▸ **Problem**: Every line of the listing below must be printed again exactly, apart from its pictures.

▸ **Collected material**:
┄┄┄┄┄┄

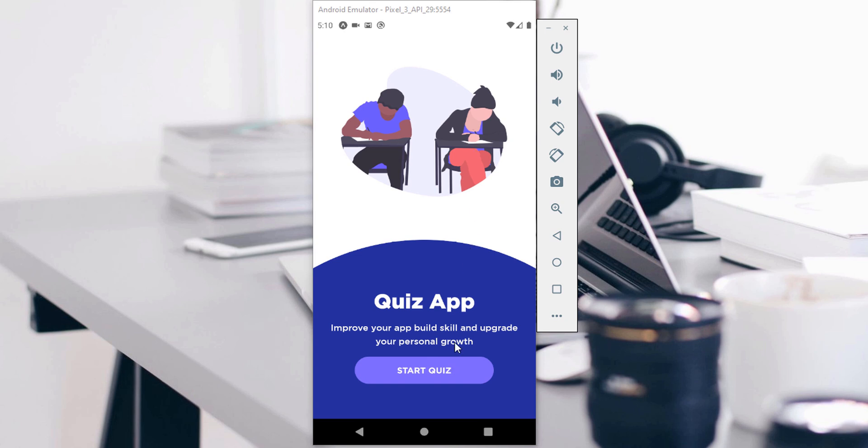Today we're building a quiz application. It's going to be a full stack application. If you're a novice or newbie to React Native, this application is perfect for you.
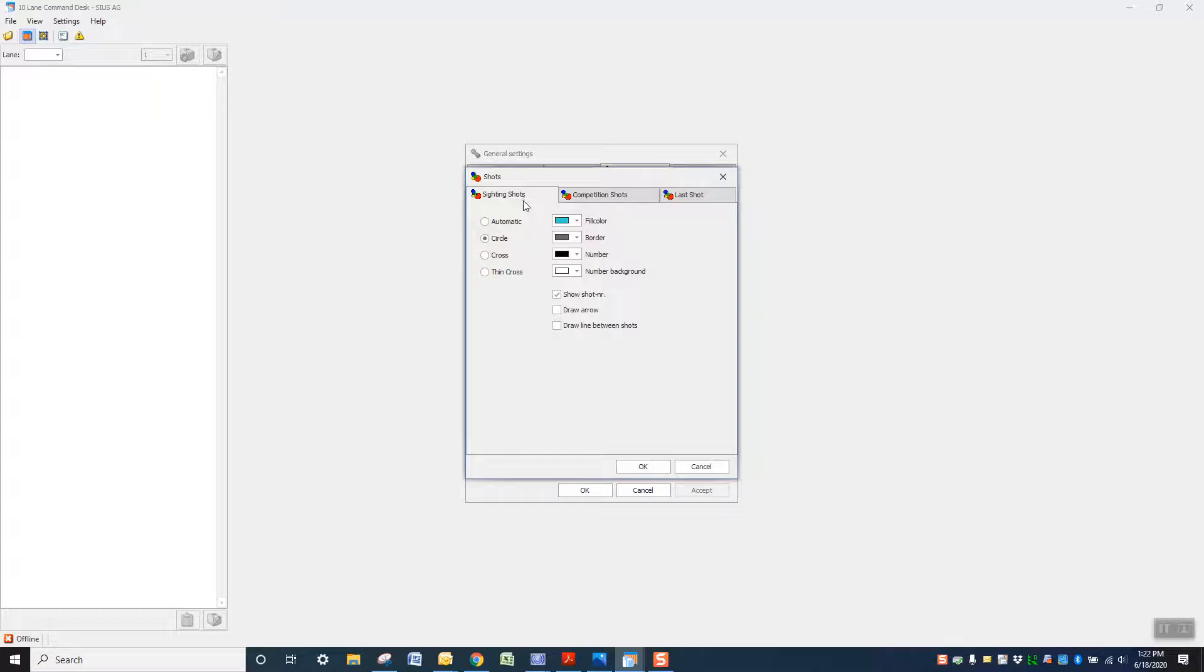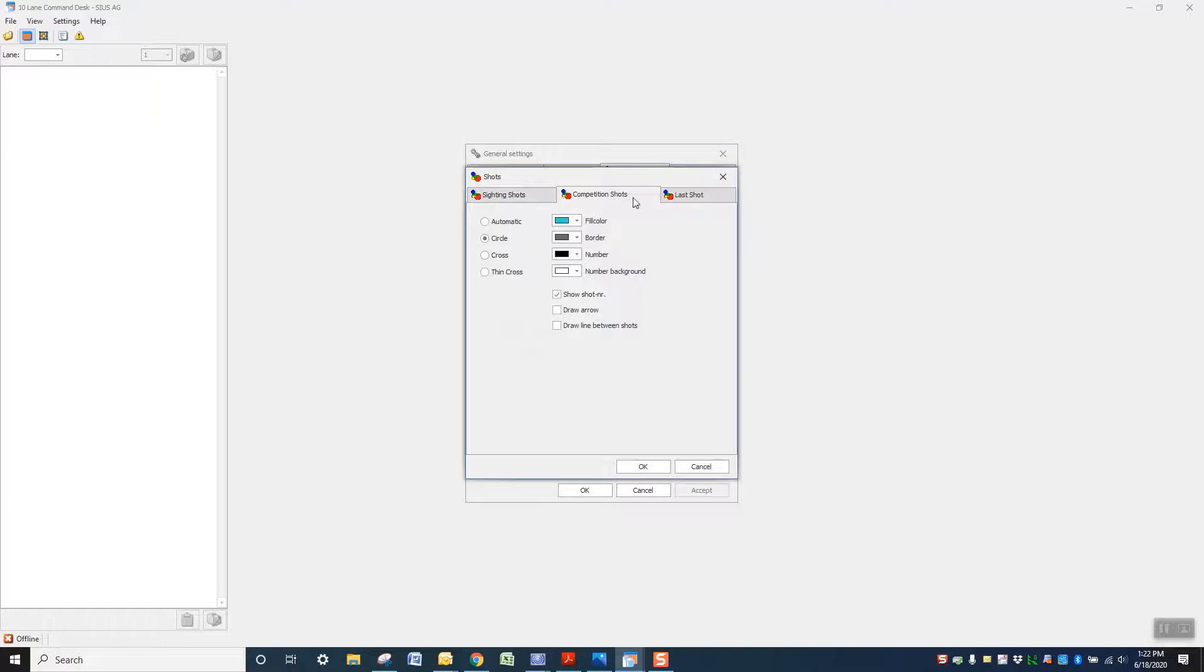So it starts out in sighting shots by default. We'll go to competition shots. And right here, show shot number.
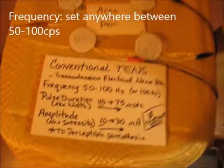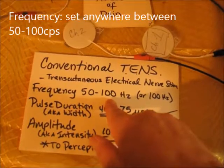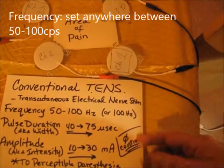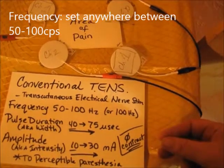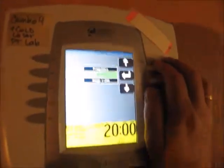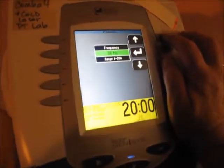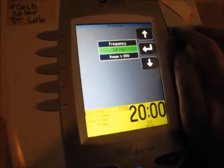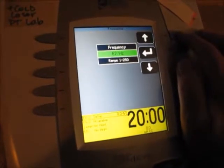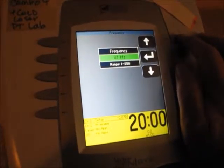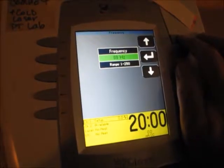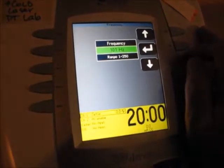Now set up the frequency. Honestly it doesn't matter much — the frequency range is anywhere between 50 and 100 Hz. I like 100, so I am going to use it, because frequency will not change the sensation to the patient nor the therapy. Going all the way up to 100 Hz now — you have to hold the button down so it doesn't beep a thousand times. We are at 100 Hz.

┄┄┄┄┄┄

▸ **Result below**:
Today we're building a quiz application. It's going to be a full stack application. If you're a novice or newbie to React Native, this application is perfect for you.
So it starts out in sighting shots by default. We'll go to competition shots. And right here, show shot number.
Now set up the frequency. Honestly it doesn't matter much — the frequency range is anywhere between 50 and 100 Hz. I like 100, so I am going to use it, because frequency will not change the sensation to the patient nor the therapy. Going all the way up to 100 Hz now — you have to hold the button down so it doesn't beep a thousand times. We are at 100 Hz.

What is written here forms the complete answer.